Another analogue technology supposedly threatened by the advent of the digital age, the printed word, is celebrated in Steve McCurry’s wonderful photo-essay On Reading. McMurry shoots an impressively international cast of readers, including a bag-seller poring over a newspaper outside his market stall in Kabul, an impossibly serene-looking woman engrossed in a book on a park bench in Chang Mai and schoolkids reading in China, Lebanon, India, Germany and Ethiopia. Particular highlights are images of an Afghan couple sitting reading on the street together, again in Kabul, and a shot entitled simply “Over the Atlantic Ocean” in which a man on a long-haul flight reads while those around him sleep, his face illuminated by the eerie glow of his reading light.

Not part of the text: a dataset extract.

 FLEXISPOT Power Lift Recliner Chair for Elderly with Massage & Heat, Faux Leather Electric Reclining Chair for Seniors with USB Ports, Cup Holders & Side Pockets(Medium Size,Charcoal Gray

More than anything else – even his very considerable gift for composition – it’s McMury’s intimate understanding of the transformative properties of light that makes his photographs so remarkable, and the same could be said of Sally Mann, whose book, Remembered Light: CY Twombly In Lexington, is an attempt to capture the essence of the studio the artist occupied next-door to her own in Virginia, up until his death in 2011. Over the course of several years, Mann made a whole series of images showing not just works in progress but also paint-spattered walls, kitschy ornaments, letters sitting on side tables and the general bric-a-brac of creative life – all of it lit by the diffuse, dreamlike light of the strong southern sun filtered through partially closed Venetian blinds. In the Q&A that opens the book, Mann says this project isn’t an attempt to memorialise Twombly but to give “a sense… of his continuum”, and you can see what she means. He isn’t actually present in any of the pictures, but that doesn’t mean you can’t feel his presence, lingering just out of shot.

Of the books by Scottish photographers covered in these pages earlier in the year, three stood out: Disappearing Glasgow, Chris Leslie’s deeply affecting record of the demolition of the city’s great modernist tower blocks; Summer In South Georgia by Jamie Grant, a stunning journey around the island made famous by Shackleton’s Endurance expedition; and The Writer’s Eye by William Dalrymple, in which the award-winning writer and historian proved himself to be almost as talented with a camera as he is with a pen.

And finally: as a long-standing subscriber to National Geographic I’ve often been impressed by Robert Clark’s frequently featured nature photography. Even for existing fans, however, Evolution: A Visual Record is a truly mind-blowing book – the evidence of evolutionary processes as illustrated by 200 hyper-detailed photographs of birds, insects, plants, fossils and mammals. It’s a terrible cliché, but these images really will make you look at the world with fresh eyes.